Activists show their solidarity with the hunger strikers Photo: Frances Laing
Hunger strikes at Yarl’s Wood
Symon Hill reports on conditions at Yarl's Wood detention centre
Demands are growing for an urgent inquiry into conditions at the Yarl’s Wood detention centre in Bedfordshire. A hunger strike by women detainees has drawn attention to allegations of mistreatment. At least twenty women are thought to be refusing food at present. The Labour MP John McDonnell has demanded an inquiry into allegations of violence, mistreatment and racial abuse. Yarl’s Wood, which is a holding centre for migrants entering Britain, has long attracted criticism from human rights groups and pro-immigration campaigners.
A spokesperson for the centre claimed that: ‘All detainees are treated with dignity and respect, with access to legal advice and healthcare facilities’.
But McDonnell says that a group of women were last month held in a hallway for five hours without access to toilet facilities or water. The Black Women’s Rape Action Project said that four of the women fainted during this incident.
Shaunice Bignall, twenty-six, told Quaker journalist Frances Laing that the hunger strike started ‘on the basis of how long they are keeping us and how they are treating us here’.
As an example, she said, ‘We were given white chicken with feathers on it; blood coming out of it. They put the thermostat into the chicken and told us to eat it because it was cooked’.
She added: ‘Then there is the way they take people away on flights. Male officers pull them on to the floor. They are powerless’.
Only days after the hunger strike began on 5 February, a report by the Children’s Commissioner criticised the treatment of children held at the centre.
In response, Britain Yearly Meeting (BYM) added its name to a letter calling for an end to the practice of keeping children in detention.
The hunger strikers are now appealing for an independent inquiry into conditions at the centre. MPs from several parties have signed an Early Day Motion (a parliamentary petition), urging a halt to deportations while an inquiry takes place.
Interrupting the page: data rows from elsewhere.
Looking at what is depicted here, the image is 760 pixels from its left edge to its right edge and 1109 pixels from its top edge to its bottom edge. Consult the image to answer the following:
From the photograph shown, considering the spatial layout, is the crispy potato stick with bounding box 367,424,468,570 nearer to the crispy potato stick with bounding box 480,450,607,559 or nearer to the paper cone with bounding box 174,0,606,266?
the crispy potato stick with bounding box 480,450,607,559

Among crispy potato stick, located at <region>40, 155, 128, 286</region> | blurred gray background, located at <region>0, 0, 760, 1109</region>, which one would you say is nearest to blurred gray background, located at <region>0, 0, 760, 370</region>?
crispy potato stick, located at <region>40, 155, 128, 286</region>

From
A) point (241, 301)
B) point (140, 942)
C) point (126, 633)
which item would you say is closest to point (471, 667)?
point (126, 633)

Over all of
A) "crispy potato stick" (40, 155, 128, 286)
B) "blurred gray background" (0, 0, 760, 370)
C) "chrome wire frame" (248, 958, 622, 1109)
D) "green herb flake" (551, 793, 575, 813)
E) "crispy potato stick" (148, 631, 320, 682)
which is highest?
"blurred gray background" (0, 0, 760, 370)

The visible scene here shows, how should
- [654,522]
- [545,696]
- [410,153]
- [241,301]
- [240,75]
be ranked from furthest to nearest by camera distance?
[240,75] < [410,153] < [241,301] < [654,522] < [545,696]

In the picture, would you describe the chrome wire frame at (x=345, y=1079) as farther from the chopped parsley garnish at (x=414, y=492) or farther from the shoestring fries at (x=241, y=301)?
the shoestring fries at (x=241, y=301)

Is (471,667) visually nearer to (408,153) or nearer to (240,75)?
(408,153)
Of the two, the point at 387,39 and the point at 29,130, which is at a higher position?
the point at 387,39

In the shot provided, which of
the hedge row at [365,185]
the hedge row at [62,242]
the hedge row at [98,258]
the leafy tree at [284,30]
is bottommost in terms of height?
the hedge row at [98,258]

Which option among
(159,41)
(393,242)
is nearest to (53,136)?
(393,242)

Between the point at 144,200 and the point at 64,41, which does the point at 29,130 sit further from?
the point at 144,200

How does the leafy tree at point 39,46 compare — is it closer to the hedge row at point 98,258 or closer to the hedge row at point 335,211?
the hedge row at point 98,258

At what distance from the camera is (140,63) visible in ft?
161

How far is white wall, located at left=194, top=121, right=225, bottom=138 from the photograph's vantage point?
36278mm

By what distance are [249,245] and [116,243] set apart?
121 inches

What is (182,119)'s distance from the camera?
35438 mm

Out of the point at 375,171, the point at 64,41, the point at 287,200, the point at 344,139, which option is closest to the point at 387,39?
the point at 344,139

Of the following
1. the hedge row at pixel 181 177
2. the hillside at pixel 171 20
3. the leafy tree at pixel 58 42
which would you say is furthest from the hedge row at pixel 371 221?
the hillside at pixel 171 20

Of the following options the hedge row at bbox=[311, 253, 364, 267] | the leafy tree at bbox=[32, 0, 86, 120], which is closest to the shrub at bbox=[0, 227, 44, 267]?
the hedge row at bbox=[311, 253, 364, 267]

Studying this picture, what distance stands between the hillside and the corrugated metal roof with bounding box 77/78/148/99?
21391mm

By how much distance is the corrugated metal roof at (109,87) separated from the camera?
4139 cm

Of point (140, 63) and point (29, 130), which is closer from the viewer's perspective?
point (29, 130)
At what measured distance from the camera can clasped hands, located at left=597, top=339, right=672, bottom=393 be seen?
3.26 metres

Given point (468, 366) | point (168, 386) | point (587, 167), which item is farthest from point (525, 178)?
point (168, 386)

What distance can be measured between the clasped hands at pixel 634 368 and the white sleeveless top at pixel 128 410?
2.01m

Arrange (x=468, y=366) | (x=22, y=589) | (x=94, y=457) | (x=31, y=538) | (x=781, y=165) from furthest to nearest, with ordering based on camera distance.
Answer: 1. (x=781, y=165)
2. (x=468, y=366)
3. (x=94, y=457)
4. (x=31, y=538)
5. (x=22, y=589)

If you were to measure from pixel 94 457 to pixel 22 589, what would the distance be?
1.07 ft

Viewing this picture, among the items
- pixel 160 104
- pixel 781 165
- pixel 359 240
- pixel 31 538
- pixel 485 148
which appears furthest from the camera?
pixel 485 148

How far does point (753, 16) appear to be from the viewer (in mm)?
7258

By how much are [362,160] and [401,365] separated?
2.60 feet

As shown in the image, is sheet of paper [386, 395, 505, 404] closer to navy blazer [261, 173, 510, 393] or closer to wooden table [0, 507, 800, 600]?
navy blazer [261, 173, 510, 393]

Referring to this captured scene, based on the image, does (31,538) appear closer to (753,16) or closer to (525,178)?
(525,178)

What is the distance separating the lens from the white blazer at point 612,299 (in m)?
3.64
They say that the centre flouts both international conventions and UK immigration rules.
In addition, lawyers for four of the women announced this week that they are launching a court case against the government over the legality of the women’s treatment.
‘The government has built in legislation, rules and regulations which have made this [situation] possible,’ said Christel Amiss of the Black Women’s Rape Action Centre.
She said that the treatment of women in Yarl’s Wood is ‘against the United Nations conventions that are meant to protect victims of torture because it is quite clear that what they have introduced is a process to remove people not to give protection and safety to people’.